Monday, September 10, 2012

A Tribute to Fred

Small business seems to have changed meaning these days; in my world, a company with 50 employees doesn’t really constitute small. As a General Manager, people often ask what exactly I do, and my answer is always different. Some days, I’m out on the road selling wine, hosting dinners or tastings, or supporting accounts. Others, I'm making invoices, filling out mountains of paperwork, or attending meetings. And every once in a while I get to fix a toilet, kick a computer until it starts working again, or (my newest conquest) even drive a forklift. This harvest will involve some morning picks and then press loads and getting purple hands. Never a dull moment.

But if you really want to hear about a small business endeavor, you’ll need to think of Fred Stollberg. Fred is our vineyard manager Jim's father, and though he’s responsible for many important things around here, his most notorious job is applying the gorgeous pink wax “swoop” to our Rosé. Check this out: in the back winery building, Fred has a Fry Daddy full of pink wax, which he mixes with just the right amount of glycerin so that it’s not too hard or too soft. He applies the little pull strips to the bottles, dips, and…voila! You've got the famous rosé swoop. And you have Fred to thank for it.


(He kind of cursed himself by being so good at this, so now we apply wax to our Riesling and Tributary bottles as well.)


So at Riverbench when we say we're involved from grape to bottle, we really mean we do it all, every step of the way. Now that's one awesome small business team.

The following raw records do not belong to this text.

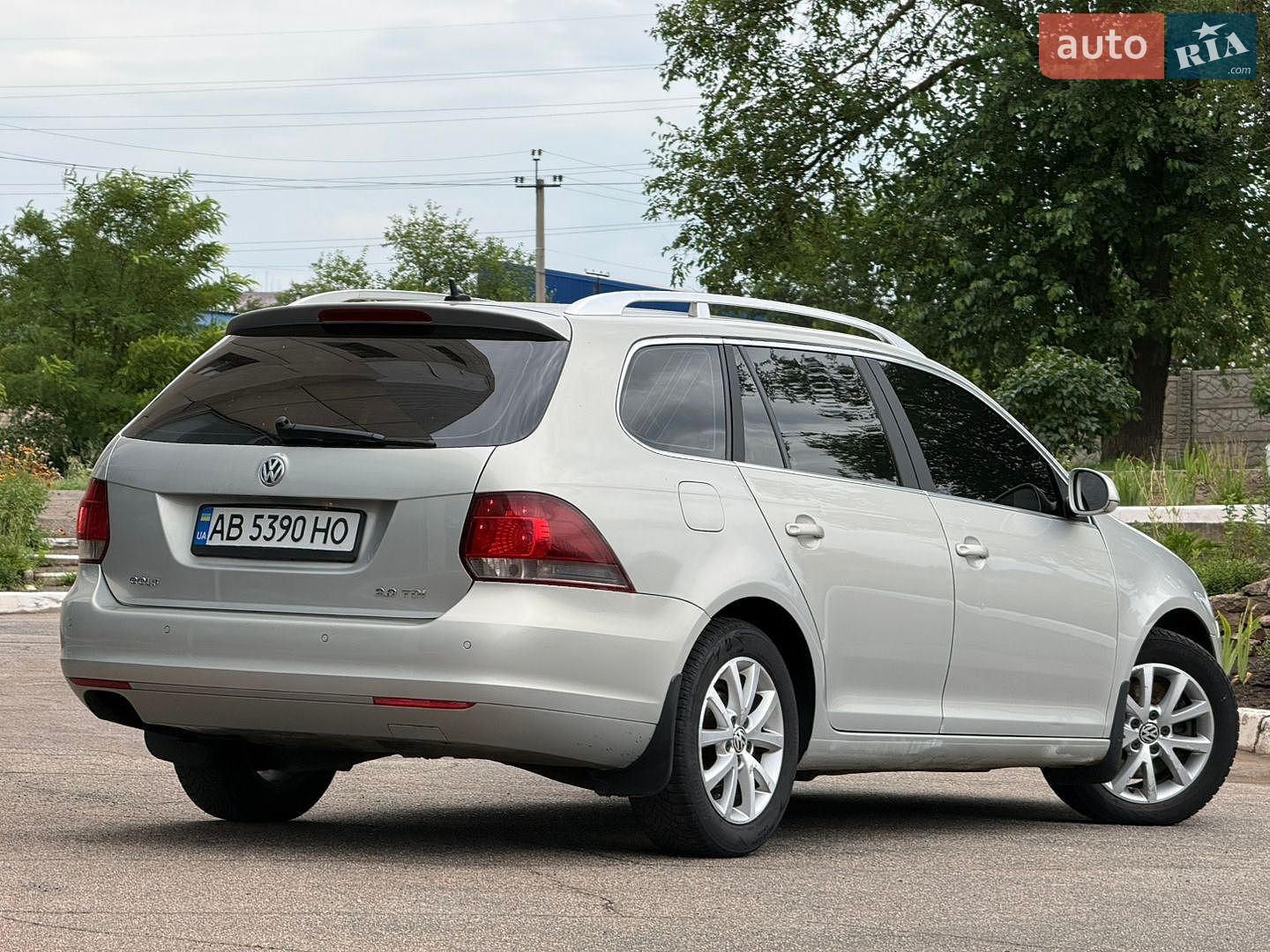 Volkswagen Golf 2010 VIN WVWZZZ1KZAM608160 фото оголошення 11 з 34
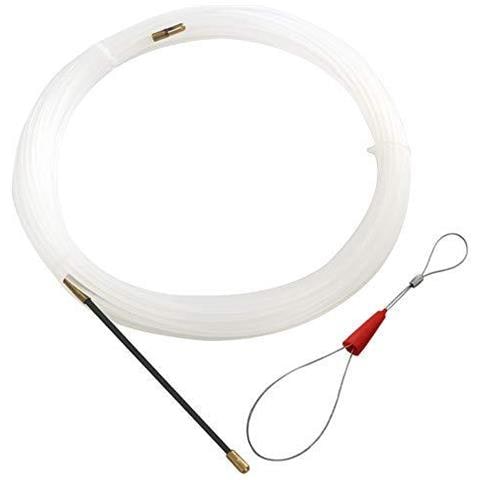 Nastro Nastro 15m Pesce Infila Testa Estrattore Tirare Legare Elettrico Per Filettare - Foto 1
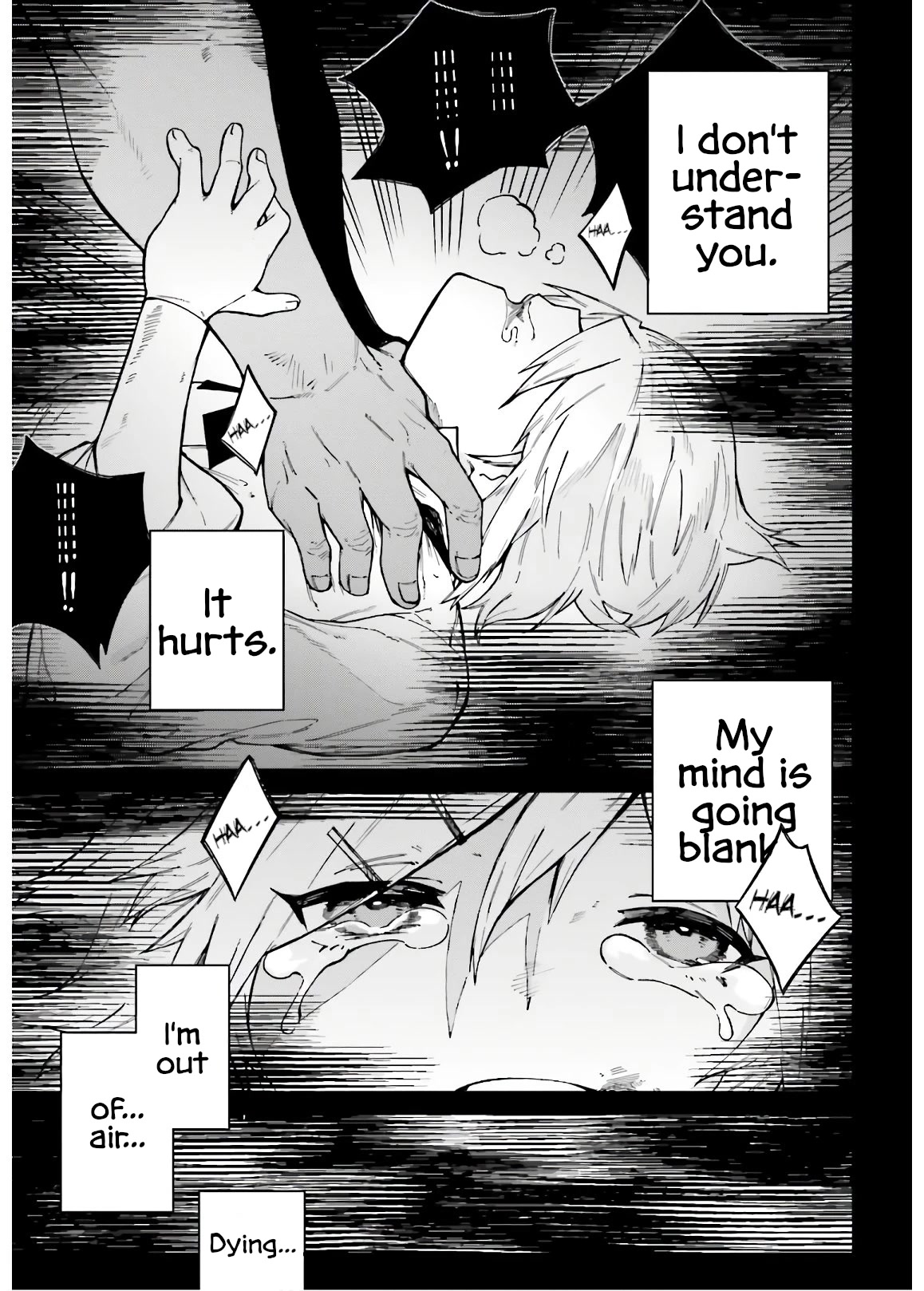 Killer and Immortal Target Chapter 6 page 23 - Chapter 6: Things Gained and Things Lost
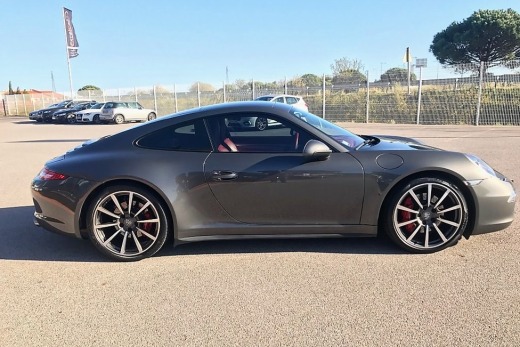 PORSCHE 991 COUPE 3.8 CARRERA 4S 400 PDK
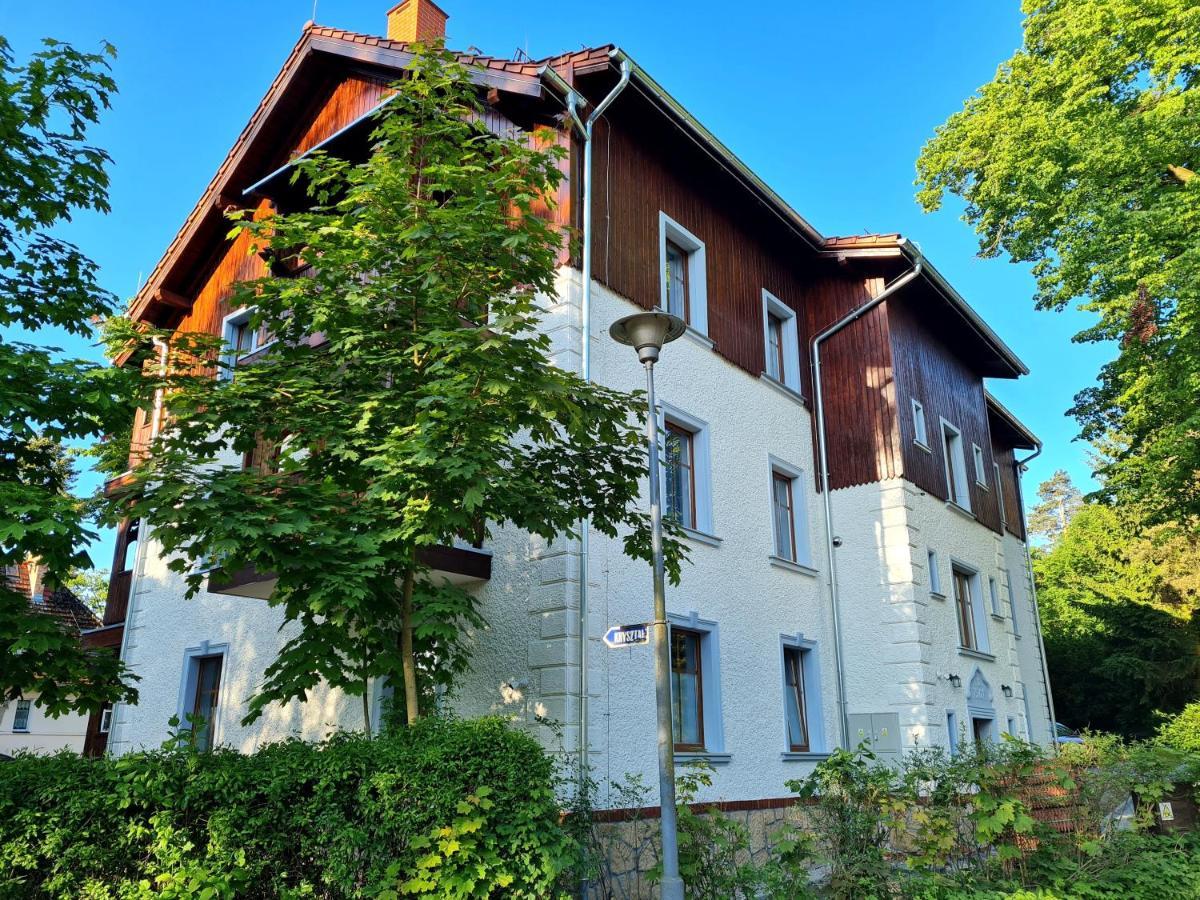 Apartamenty Debowa 3 Поляниця-Здруй Екстер'єр фото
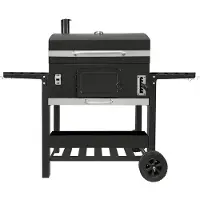 Monster XXL-BBQ-Räuchergrill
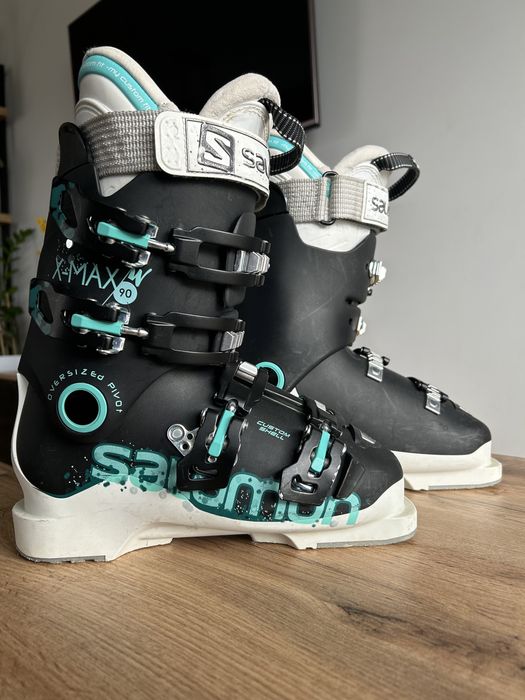 Buty narciarskie Salomon 24.5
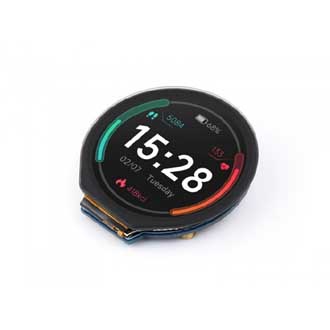 IPS дисплеи 1.28inch Touch LCD Waveshare IPS дисплеи 1.28inch Touch LCD Waveshare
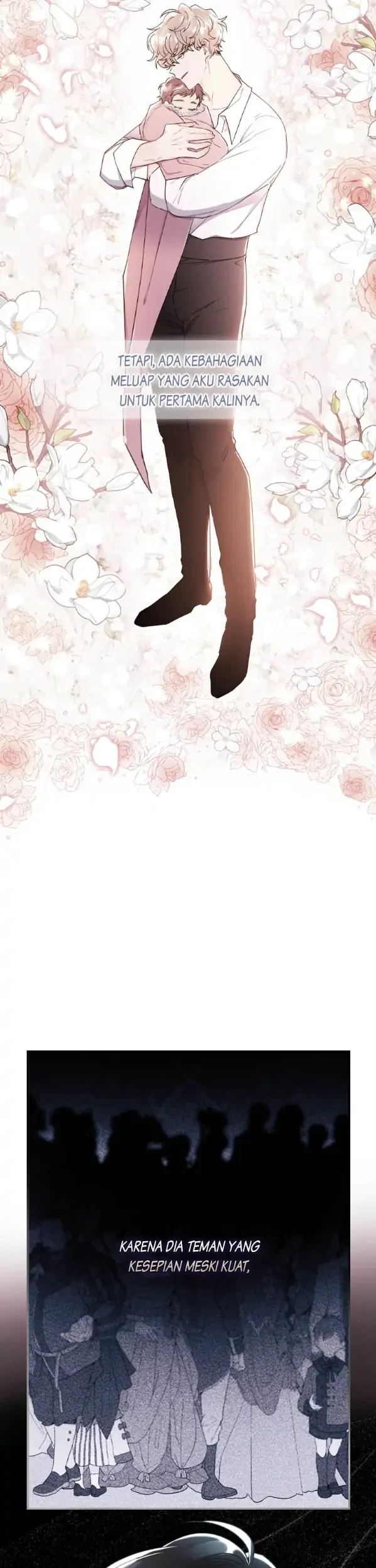 I Became the Male Lead's Adopted Daughter Chapter 45 - halaman 4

Tuesday, September 4, 2012

Harvest Begins: My First Day As A Cellar Rat

A few months ago, winemaker Clarissa Nagy agreed to let me shadow her this harvest. Her enthusiasm is catching, and immediately got me giddy. When she told me we were to pick Pinot Noir for our rose sparkling wine on Friday, August 24, I started to get nervous. So many things I've never done before! Those butterflies in my stomach felt like bats.

Before he left, my husband reminded me not to trip on or fall into anything.

Jim, our vineyard manager, asked if I would wear a microphone so he could, presumably, laugh at my inevitable complaints.

What can I say? I'm smiling at the fact that the men in my life are used to the girly girl in me.

But I think that's kind of the beauty of it. See, I noted on Friday that winemaking is not as easy as so many people make it out to be. Making wine, like making cheese, is an art but also very scientific. Pictures will explain this better.


Here's the fruit- seriously, aren't these gorgeous? I've seen a lot of grapes in my day, but these stand out.

We tasted the juice all through the press process, which took about two hours. It's amazing how color and flavors change as the grapes are pressed. This year's vintage comes from the Mesa block, which usually presents a darker color; we'll have to remember to notice if the finished 2012 Cork Jumper rose is a little pinker!

The free-run juice is put straight into tank to settle for a few days, with one exception. Last year, two barrels were filled with the last of the juice and apparently they contributed some really outstanding colors and flavors to the final blend, so we did that again. Two lots were put straight into neutral oak, and Clarissa showed me step by step how to inoculate them. I won't bore you with a long description of the process, but let's just say that the yeast and juice mixed together to make a cocktail of heady deliciousness that was poured right in.


As a note, cheesemaking has been a solo pursuit of mine, as my area doesn't have any local professional cheesemakers. I've destroyed a lot of milk and ruined plenty of cheese. So it's pretty cool to be learning at the hands of someone like Clarissa, who explains things clearly. The woman knows her stuff, but she's not pretentious or condescending, and she has no ego. It's refreshing. I owe her a huge, huge "thank you" for letting me tag along for this adventure. It's a bit of a bucket list thing for me to finally work a harvest after eight years in California.

So...overall? Successful day! I didn't break, spill, or fall into anything. And I can't wait to go back for more.